An international NGO has urged Kenya to remove the November deadline imposed by the government for the closure of the Dadaab camps even as it faulted the repatriation process as no longer “being voluntary, safe or dignified.”
Kenya, which hosts as many as 600,000 refugees mainly from neighbouring Somalia, said in May it would close down its two biggest refugee camps because of the “very heavy” economic, security and environmental costs.
“The government of the Republic of Kenya, having taken into consideration its national security interests, has decided that hosting of refugees has to come to an end,” the Interior ministry said then.
But in a new report titled Dadaab's Broken Promise the Norwegian Refugee Council (NRC) says that the decision by the Government of Kenya to close the Dadaab refugee camps in November has led to a situation where the voluntary returns process does not meet international standards, and breaks the agreement that Somalis would be assisted to return home safely and voluntarily.
It says return should be viewed as a process of “rehabilitation, restructuring and rebuilding, not as a project with an end date in mind.”

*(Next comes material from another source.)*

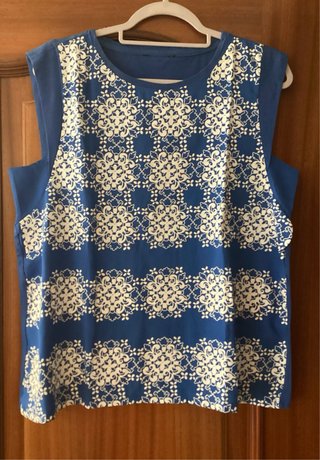 Lote 6 Blusas/Camisetas Mujer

It adds the Kenyan government should return to the process of organised and planned returns, to “ensure a safe, dignified, sustainable and voluntary return process.”
“We are willing and able to enable voluntary return, but the pressure to push more than 280,000 registered refugees from Dadaab camp has led to chaotic and disorganised returns.

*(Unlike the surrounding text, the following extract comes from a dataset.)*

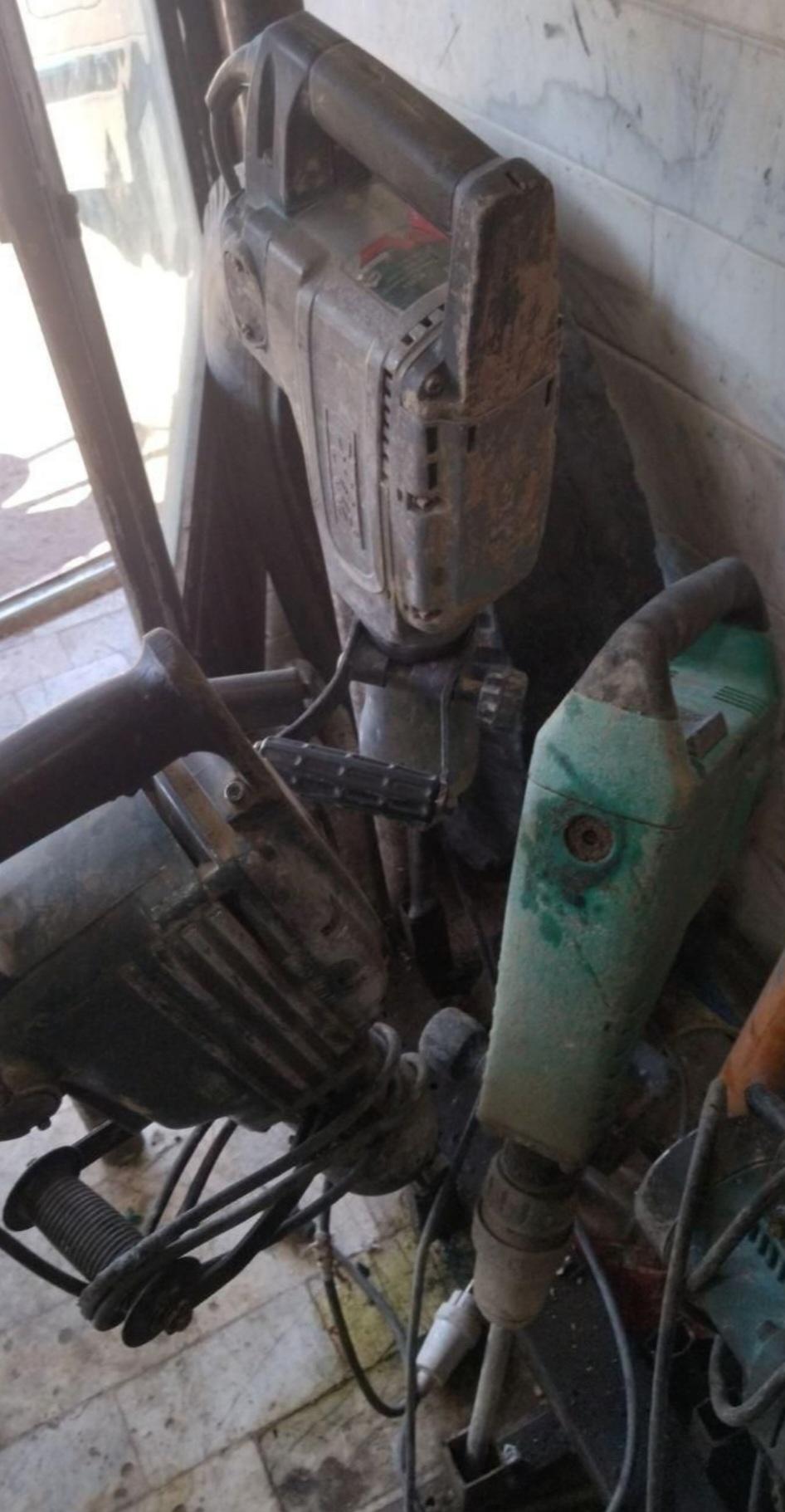 عکس اجاره ابزار هیلتی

“From what we have seen on the ground, it is no longer voluntary, dignified nor safe,” said Norwegian Refugee Council (NRC) Secretary General Jan Egeland.
“The deadline to close the world's largest refugee camp must be lifted.”

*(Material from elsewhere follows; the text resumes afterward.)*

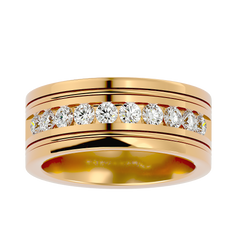 Lawson Diamond Mens Ring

The agency says the Kenyan government and the UN refugee agency should reinstate “the organised and voluntary process of return” under the Tripartite Agreement adding that the “unrealistic deadline” must be removed before the situation further deteriorates.
The Tripartite Agreement for the voluntary return of Somali refugees from Kenya was signed by the Kenyan and Somali governments and UNHCR in 2013.
It was based on international law and created a framework in which returns were to be organised.
“The initial returns programme under the 2013 Tripartite Agreement was largely a success, as it saw Somali assisted to reach their return locations safely and with dignity.
“We should return to the terms of this agreement, rather than simply aiming to push back as many refugees as possible,” said Egeland.
In addition to failing to meet international standards for voluntary return, the report claims that refugees returning to Somalia are not sufficiently protected, exposing them to insecurity risks associated with Al-Shabaab militants.
Returnees interviewed claimed that repatriation staff in Dadaab have solicited bribes prior to agreeing to register a person for return.
It also reveals that the pressure to speed up the repatriation process threatens to create a revolving door scenario.
“The number of vulnerable Somalis planned for return far outstrips the resources available to support them in Somalia,” said NRC's Country Director in Kenya Neil Turner.
“Sustainable return should form a key component of the returns programme. It must prevent families ending up in displacement camps in Somalia or returning as undocumented refugees to Kenya.”
Kenya hosts more than 335,000 Somalia refugees, including over 270,000 in Dadaab refugee camp.
Tents fill the outskirts of Dagahaley in Kenya's Dadaab refugee camp.